I think they point with no glofish is that there's already several tetras in there, plus a betta, and the glofish require a lot of room.. :s


----------



## mzxeternal (Feb 24, 2012)

Olympia said:


> I think they point with no glofish is that there's already several tetras in there, plus a betta, and the glofish require a lot of room.. :s


I have a 14 gal, with a school of 5 Glofish, 6 Neon Tetras, 3 female bettas, 10 cherry shrimp, 4 otos and an apple snail. Except for having to significantly increase my filtering capacity (via 2 Aqueon Quietflow 10s), the stocking capacity is at 100% on the nose, assuming adult sizes (which they aren't yet, and I will be upgrading to a 20 gallon in the next month).

All my fish are stress free and content, and I have no water quality problems. A 17 gallon will be more than sufficient. 

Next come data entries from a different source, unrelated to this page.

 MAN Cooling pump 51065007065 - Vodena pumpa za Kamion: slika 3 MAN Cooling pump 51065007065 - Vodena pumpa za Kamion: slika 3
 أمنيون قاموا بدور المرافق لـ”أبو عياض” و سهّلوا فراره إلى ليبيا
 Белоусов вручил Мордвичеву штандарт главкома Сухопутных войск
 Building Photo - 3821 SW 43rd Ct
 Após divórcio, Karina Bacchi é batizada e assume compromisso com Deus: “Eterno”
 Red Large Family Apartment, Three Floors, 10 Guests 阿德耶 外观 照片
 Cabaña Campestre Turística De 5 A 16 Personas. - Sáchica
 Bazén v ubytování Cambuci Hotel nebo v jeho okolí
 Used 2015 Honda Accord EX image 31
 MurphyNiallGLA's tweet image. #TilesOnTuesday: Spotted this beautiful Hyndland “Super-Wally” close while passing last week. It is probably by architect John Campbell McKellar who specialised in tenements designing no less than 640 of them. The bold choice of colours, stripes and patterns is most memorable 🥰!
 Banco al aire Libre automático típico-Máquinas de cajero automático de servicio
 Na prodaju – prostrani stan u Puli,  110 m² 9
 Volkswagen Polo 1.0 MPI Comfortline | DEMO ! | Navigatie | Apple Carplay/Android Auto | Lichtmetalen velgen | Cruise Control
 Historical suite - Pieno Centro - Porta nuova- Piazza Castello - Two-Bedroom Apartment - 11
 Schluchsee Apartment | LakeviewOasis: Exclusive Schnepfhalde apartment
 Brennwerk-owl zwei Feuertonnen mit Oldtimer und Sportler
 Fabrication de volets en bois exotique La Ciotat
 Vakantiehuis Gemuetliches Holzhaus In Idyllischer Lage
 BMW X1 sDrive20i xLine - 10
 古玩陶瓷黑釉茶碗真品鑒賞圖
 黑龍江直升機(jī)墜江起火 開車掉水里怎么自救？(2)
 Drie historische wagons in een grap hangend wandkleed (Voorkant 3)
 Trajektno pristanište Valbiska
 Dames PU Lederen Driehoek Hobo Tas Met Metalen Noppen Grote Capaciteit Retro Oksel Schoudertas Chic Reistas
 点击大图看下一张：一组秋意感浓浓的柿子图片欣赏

The reason it works, is the Zebras(Glofish) generally congregate towards the top end of the tank, the neons from middle to low, the otos on the bottom (or eating from the glass) and the bettas travel all over.

My setup on AqAdvisor's calculator


----------



## MaisyDawgThirteen (Dec 7, 2011)

mzxeternal said:


> I have a 14 gal, with a school of 5 Glofish, 6 Neon Tetras, 3 female bettas, 10 cherry shrimp, 4 otos and an apple snail. Except for having to significantly increase my filtering capacity (via 2 Aqueon Quietflow 10s), the stocking capacity is at 100% on the nose, assuming adult sizes (which they aren't yet, and I will be upgrading to a 20 gallon in the next month).
> 
> All my fish are stress free and content, and I have no water quality problems. A 17 gallon will be more than sufficient.
> 
> ...


Female bettas need to be in groups of at least 5 to be stable. Glofish need to be in a 20 Gallon+, I think your overstocked for a 14g. :/ Everyone maybe getting along now, but your in for problems if you don't bump up the number of females in there.


----------



## Aus (Feb 3, 2012)

How about a betta sorority? Females can be almost as colourful as males, and are sometimes less aggressive, it's said (I don't know by experience). 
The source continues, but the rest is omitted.